The Niño34 region of the Pacific is an important region for forecasting weather around the Pacific rim countries. The east coast of Australia has been experiencing the good and the bad of the current La Nina phase. Australia is currently in the “flooding rains” stage that Dorothea M. observed more than a century ago.
The tropical ocean temperature is thermostatically limited to 30C and the proximity of the Nino34 region to the west Pacific warm pools influences the temperature range of the region. The Niño34 region has an average temperature of 27C and shows negligible trend during the satellite era. When the temperature of the region is above 27.5 the Pacific is regarded as being in an El Niño phase and cooler than 26.5C it is in the La Niña phase.
The attached charts provide comparison of climate model output with the measured NOAA/NCEP data; a combination of satellite measurements interpolated with data from moored buoys.
I have only two climate models per chart to avoid clutter.
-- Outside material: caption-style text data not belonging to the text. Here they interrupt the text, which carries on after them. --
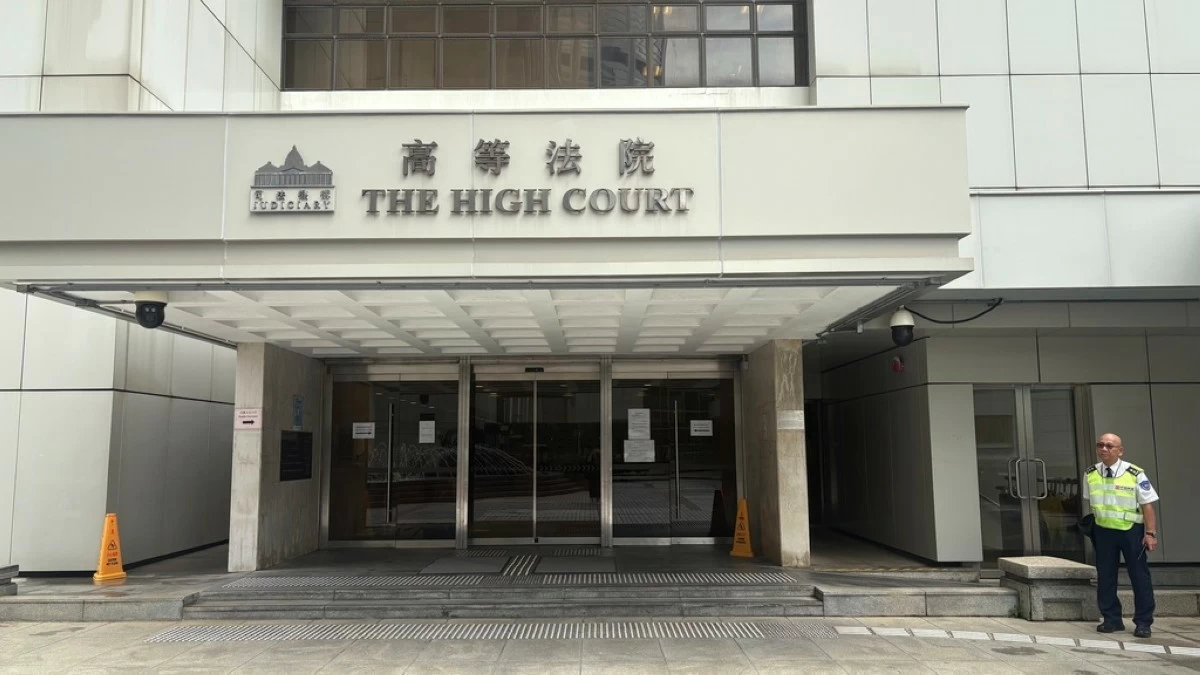 A security guard stands outside of Hong Kong's High Court in Admiralty, Hong Kong Wednesday, July 23, 2025. (AP Photo/Kanis Leung)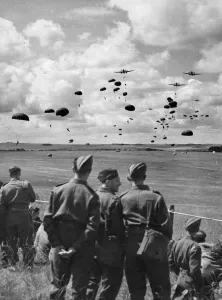 Paratroops Prints: British army soldiers watch paratroops descending from aircraft during a demonstration in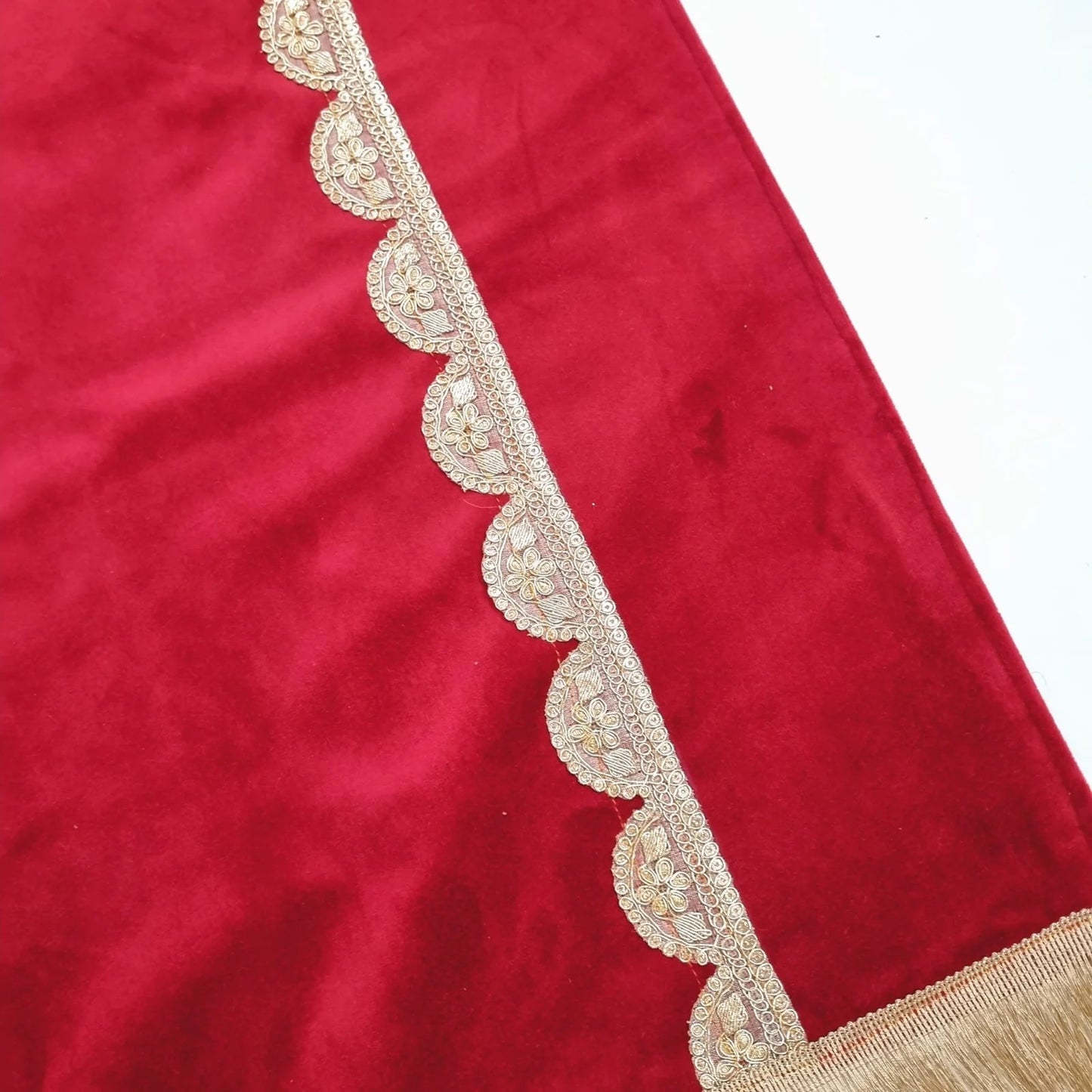 Personalized Islamic prayer mat in maroon with gold detailing and fringed edges.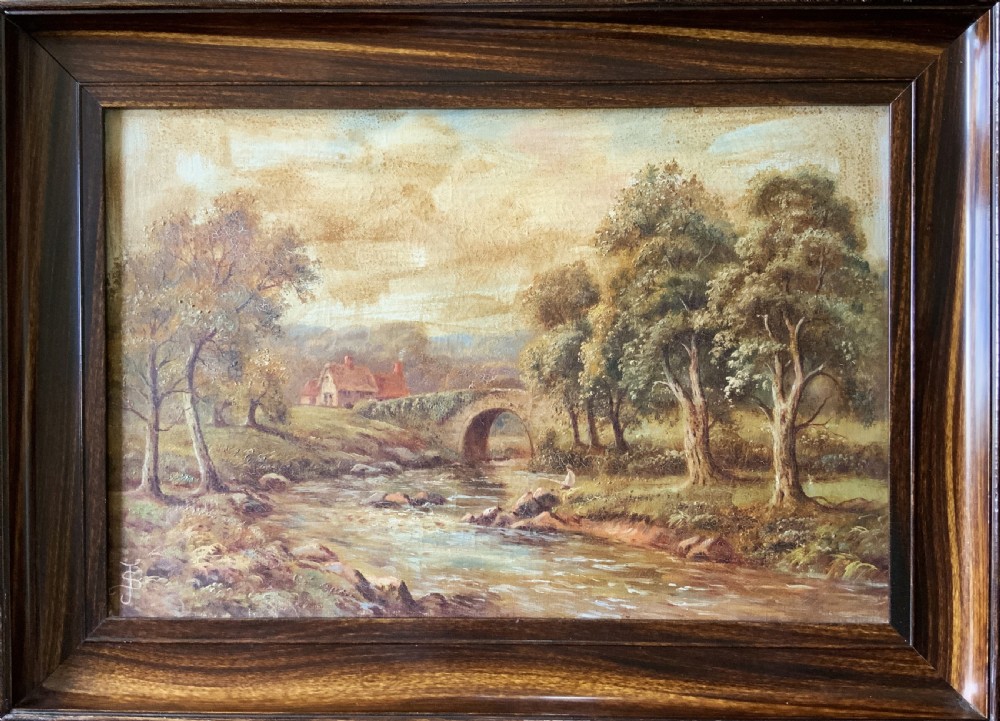 An antique oil painting depicting a tranquil river flowing through a wooded landscape with a stone bridge and cottage in the background, framed in polished dark wood.
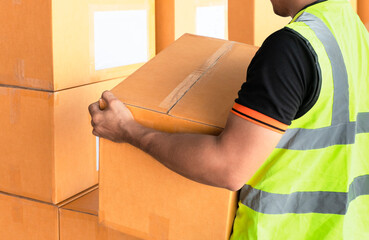 Worker courier lifting shipment boxes, packaging, cardboard box, warehouse delivery service shipping goods at manufacturing warehouse.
The four modelling groups are:
- Australian, CSIRO Mk3 and ACCESS1, which is a joint model between CSIRO and BoM
- UK, HadGEM2 and UKESM1, both from the Hadley Centre and Met Office.
- USA, GISS-E2-H from NASA and CESM2 NCAR (National Centre for Atmospheric Research)
- Europe, EC-Earth European Consortium (ICHEC) and AWI-CM-1 Germany Max Planck Institute
All models show similar significant warming trend where there is no measured trend. In most cases the models cool the past to an absurd degree to sustain the warming trend. The GISS output is the only model that aligns with the 1980 measure temperature so is now well above the measured.
One of the snippets I have got from the KNMI site is that most models have a contact email so I have been sending the respective chart to the nominated model expert asking why the models produce such poor results for this important region.